#### [What is required]
Restate word for word every line from the one containing "Appartement à MARSEILLE-1E" to the last line of the records below.

Short descriptive text snippets

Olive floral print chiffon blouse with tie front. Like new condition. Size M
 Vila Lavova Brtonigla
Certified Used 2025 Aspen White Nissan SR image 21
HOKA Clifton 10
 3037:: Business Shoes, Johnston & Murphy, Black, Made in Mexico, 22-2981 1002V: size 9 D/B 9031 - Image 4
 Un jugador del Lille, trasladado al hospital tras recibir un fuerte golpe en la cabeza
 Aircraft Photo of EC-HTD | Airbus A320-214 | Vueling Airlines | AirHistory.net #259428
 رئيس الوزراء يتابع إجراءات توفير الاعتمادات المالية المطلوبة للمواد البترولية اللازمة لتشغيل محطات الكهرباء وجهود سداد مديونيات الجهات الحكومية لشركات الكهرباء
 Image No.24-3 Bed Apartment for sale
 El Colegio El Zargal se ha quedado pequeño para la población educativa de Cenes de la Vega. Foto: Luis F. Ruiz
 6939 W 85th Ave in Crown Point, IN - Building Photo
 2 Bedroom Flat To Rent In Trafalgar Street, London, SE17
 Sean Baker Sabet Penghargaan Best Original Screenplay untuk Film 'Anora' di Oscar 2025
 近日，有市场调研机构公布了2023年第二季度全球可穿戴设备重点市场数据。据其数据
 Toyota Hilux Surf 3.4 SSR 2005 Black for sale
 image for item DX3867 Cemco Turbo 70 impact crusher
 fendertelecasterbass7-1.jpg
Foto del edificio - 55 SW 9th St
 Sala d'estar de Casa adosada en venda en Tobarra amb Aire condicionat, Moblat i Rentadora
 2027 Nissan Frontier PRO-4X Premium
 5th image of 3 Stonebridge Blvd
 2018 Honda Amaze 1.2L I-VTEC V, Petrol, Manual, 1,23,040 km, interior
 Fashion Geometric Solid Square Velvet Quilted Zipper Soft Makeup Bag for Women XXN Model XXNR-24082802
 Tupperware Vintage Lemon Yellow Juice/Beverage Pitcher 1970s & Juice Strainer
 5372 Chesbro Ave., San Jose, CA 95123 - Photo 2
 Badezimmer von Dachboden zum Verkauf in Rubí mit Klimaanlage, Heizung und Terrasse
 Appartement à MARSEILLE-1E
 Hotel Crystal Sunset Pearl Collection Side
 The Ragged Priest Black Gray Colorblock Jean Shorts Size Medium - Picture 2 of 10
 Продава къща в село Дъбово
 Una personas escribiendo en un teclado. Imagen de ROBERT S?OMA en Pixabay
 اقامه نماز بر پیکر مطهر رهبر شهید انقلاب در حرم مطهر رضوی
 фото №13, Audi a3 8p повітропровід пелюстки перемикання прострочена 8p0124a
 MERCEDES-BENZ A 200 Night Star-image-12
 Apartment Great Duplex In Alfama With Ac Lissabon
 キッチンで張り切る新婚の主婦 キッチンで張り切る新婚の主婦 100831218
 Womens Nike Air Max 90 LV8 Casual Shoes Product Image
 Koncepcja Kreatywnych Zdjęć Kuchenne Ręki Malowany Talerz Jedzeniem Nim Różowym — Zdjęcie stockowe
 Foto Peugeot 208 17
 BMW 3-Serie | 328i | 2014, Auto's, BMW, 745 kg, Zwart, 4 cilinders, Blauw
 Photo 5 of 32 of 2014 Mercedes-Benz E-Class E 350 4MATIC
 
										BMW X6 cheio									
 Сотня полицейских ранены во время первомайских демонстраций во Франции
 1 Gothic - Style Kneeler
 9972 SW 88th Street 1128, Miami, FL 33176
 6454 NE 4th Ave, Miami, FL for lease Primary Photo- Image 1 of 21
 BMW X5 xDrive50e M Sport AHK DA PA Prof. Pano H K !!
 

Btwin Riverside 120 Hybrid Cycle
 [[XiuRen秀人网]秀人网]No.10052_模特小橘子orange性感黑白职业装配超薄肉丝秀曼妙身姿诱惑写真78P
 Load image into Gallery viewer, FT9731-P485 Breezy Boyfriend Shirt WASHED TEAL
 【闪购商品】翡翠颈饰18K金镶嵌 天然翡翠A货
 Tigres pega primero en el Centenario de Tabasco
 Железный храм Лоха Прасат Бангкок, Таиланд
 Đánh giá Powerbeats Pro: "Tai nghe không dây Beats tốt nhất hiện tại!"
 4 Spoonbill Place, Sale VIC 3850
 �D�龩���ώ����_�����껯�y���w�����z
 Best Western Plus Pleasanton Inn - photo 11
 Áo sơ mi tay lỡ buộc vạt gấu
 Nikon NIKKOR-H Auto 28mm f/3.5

#### [Response below]
 Appartement à MARSEILLE-1E
 Hotel Crystal Sunset Pearl Collection Side
 The Ragged Priest Black Gray Colorblock Jean Shorts Size Medium - Picture 2 of 10
 Продава къща в село Дъбово
 Una personas escribiendo en un teclado. Imagen de ROBERT S?OMA en Pixabay
 اقامه نماز بر پیکر مطهر رهبر شهید انقلاب در حرم مطهر رضوی
 фото №13, Audi a3 8p повітропровід пелюстки перемикання прострочена 8p0124a
 MERCEDES-BENZ A 200 Night Star-image-12
 Apartment Great Duplex In Alfama With Ac Lissabon
 キッチンで張り切る新婚の主婦 キッチンで張り切る新婚の主婦 100831218
 Womens Nike Air Max 90 LV8 Casual Shoes Product Image
 Koncepcja Kreatywnych Zdjęć Kuchenne Ręki Malowany Talerz Jedzeniem Nim Różowym — Zdjęcie stockowe
 Foto Peugeot 208 17
 BMW 3-Serie | 328i | 2014, Auto's, BMW, 745 kg, Zwart, 4 cilinders, Blauw
 Photo 5 of 32 of 2014 Mercedes-Benz E-Class E 350 4MATIC
 
										BMW X6 cheio									
 Сотня полицейских ранены во время первомайских демонстраций во Франции
 1 Gothic - Style Kneeler
 9972 SW 88th Street 1128, Miami, FL 33176
 6454 NE 4th Ave, Miami, FL for lease Primary Photo- Image 1 of 21
 BMW X5 xDrive50e M Sport AHK DA PA Prof. Pano H K !!
 

Btwin Riverside 120 Hybrid Cycle
 [[XiuRen秀人网]秀人网]No.10052_模特小橘子orange性感黑白职业装配超薄肉丝秀曼妙身姿诱惑写真78P
 Load image into Gallery viewer, FT9731-P485 Breezy Boyfriend Shirt WASHED TEAL
 【闪购商品】翡翠颈饰18K金镶嵌 天然翡翠A货
 Tigres pega primero en el Centenario de Tabasco
 Железный храм Лоха Прасат Бангкок, Таиланд
 Đánh giá Powerbeats Pro: "Tai nghe không dây Beats tốt nhất hiện tại!"
 4 Spoonbill Place, Sale VIC 3850
 �D�龩���ώ����_�����껯�y���w�����z
 Best Western Plus Pleasanton Inn - photo 11
 Áo sơ mi tay lỡ buộc vạt gấu
 Nikon NIKKOR-H Auto 28mm f/3.5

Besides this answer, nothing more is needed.